* _What you have to do_: Take every entry below and copy it out word for word.

* _Supplied records_:
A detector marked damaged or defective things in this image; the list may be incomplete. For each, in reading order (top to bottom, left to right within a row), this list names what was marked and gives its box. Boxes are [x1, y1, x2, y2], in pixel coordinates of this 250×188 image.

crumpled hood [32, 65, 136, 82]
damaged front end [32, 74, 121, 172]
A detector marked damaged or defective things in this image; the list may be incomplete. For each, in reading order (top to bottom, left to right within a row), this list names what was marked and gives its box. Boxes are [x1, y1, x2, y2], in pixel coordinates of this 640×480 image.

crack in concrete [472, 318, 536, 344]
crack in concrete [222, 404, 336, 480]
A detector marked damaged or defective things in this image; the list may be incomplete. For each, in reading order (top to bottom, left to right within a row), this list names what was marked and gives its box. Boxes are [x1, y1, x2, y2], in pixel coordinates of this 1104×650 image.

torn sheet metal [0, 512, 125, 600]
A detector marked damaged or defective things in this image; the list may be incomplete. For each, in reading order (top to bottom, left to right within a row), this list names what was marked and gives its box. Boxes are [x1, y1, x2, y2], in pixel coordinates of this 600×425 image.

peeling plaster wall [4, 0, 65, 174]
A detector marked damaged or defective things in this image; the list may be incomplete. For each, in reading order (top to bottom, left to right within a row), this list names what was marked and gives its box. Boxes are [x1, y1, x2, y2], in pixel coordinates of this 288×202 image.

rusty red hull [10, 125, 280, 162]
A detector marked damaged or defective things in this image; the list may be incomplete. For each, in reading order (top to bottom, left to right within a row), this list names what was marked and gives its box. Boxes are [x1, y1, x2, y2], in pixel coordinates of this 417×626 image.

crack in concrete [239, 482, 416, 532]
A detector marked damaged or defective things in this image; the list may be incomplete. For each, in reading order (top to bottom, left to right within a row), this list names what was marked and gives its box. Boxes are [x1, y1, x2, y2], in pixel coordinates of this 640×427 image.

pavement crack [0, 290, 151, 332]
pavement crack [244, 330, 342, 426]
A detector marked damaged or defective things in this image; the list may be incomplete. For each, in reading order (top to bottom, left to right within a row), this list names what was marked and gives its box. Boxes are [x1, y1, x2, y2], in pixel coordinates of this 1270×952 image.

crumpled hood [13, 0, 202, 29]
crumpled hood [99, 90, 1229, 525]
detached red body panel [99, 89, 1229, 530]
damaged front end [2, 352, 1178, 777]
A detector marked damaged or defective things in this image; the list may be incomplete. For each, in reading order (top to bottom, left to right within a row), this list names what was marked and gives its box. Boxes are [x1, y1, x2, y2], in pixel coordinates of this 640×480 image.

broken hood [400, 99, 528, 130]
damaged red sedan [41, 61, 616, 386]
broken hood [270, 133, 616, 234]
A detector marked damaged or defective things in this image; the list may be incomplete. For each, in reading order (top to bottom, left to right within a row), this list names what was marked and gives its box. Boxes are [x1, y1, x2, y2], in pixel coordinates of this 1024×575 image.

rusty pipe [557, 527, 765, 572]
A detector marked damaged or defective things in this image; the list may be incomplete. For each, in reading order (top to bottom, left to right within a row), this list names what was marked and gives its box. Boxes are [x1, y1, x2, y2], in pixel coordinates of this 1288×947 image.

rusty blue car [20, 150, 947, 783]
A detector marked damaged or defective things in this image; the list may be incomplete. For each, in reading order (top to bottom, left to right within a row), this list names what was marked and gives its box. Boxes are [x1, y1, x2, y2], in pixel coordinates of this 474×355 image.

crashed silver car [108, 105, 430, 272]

* _Solution_:
A detector marked damaged or defective things in this image; the list may be incomplete. For each, in reading order (top to bottom, left to right within a row), this list names what was marked and gives its box. Boxes are [x1, y1, x2, y2], in pixel coordinates of this 250×188 image.

crumpled hood [32, 65, 136, 82]
damaged front end [32, 74, 121, 172]
A detector marked damaged or defective things in this image; the list may be incomplete. For each, in reading order (top to bottom, left to right within a row), this list names what was marked and gives its box. Boxes are [x1, y1, x2, y2], in pixel coordinates of this 640×480 image.

crack in concrete [472, 318, 536, 344]
crack in concrete [222, 404, 336, 480]
A detector marked damaged or defective things in this image; the list may be incomplete. For each, in reading order (top to bottom, left to right within a row), this list names what was marked and gives its box. Boxes are [x1, y1, x2, y2], in pixel coordinates of this 1104×650 image.

torn sheet metal [0, 512, 125, 600]
A detector marked damaged or defective things in this image; the list may be incomplete. For each, in reading order (top to bottom, left to right within a row), this list names what was marked and gives its box. Boxes are [x1, y1, x2, y2], in pixel coordinates of this 600×425 image.

peeling plaster wall [4, 0, 65, 174]
A detector marked damaged or defective things in this image; the list may be incomplete. For each, in reading order (top to bottom, left to right within a row), this list names what was marked and gives its box. Boxes are [x1, y1, x2, y2], in pixel coordinates of this 288×202 image.

rusty red hull [10, 125, 280, 162]
A detector marked damaged or defective things in this image; the list may be incomplete. For each, in reading order (top to bottom, left to right within a row), this list names what was marked and gives its box. Boxes are [x1, y1, x2, y2], in pixel coordinates of this 417×626 image.

crack in concrete [239, 482, 416, 532]
A detector marked damaged or defective things in this image; the list may be incomplete. For each, in reading order (top to bottom, left to right within a row), this list names what was marked and gives its box. Boxes are [x1, y1, x2, y2], in pixel coordinates of this 640×427 image.

pavement crack [0, 290, 151, 332]
pavement crack [244, 330, 342, 426]
A detector marked damaged or defective things in this image; the list may be incomplete. For each, in reading order (top to bottom, left to right within a row), this list names what was marked and gives its box. Boxes are [x1, y1, x2, y2], in pixel coordinates of this 1270×952 image.

crumpled hood [13, 0, 202, 29]
crumpled hood [99, 90, 1229, 525]
detached red body panel [99, 89, 1229, 530]
damaged front end [2, 352, 1178, 777]
A detector marked damaged or defective things in this image; the list may be incomplete. For each, in reading order (top to bottom, left to right within a row), this list names what was marked and gives its box. Boxes are [x1, y1, x2, y2], in pixel coordinates of this 640×480 image.

broken hood [400, 99, 528, 130]
damaged red sedan [41, 61, 616, 386]
broken hood [270, 133, 616, 234]
A detector marked damaged or defective things in this image; the list may be incomplete. For each, in reading order (top to bottom, left to right within a row), this list names what was marked and gives its box. Boxes are [x1, y1, x2, y2], in pixel coordinates of this 1024×575 image.

rusty pipe [557, 527, 765, 572]
A detector marked damaged or defective things in this image; the list may be incomplete. For each, in reading order (top to bottom, left to right within a row), this list names what was marked and gives its box. Boxes are [x1, y1, x2, y2], in pixel coordinates of this 1288×947 image.

rusty blue car [20, 150, 947, 783]
A detector marked damaged or defective things in this image; the list may be incomplete. For each, in reading order (top to bottom, left to right within a row), this list names what was marked and gives its box. Boxes are [x1, y1, x2, y2], in pixel coordinates of this 474×355 image.

crashed silver car [108, 105, 430, 272]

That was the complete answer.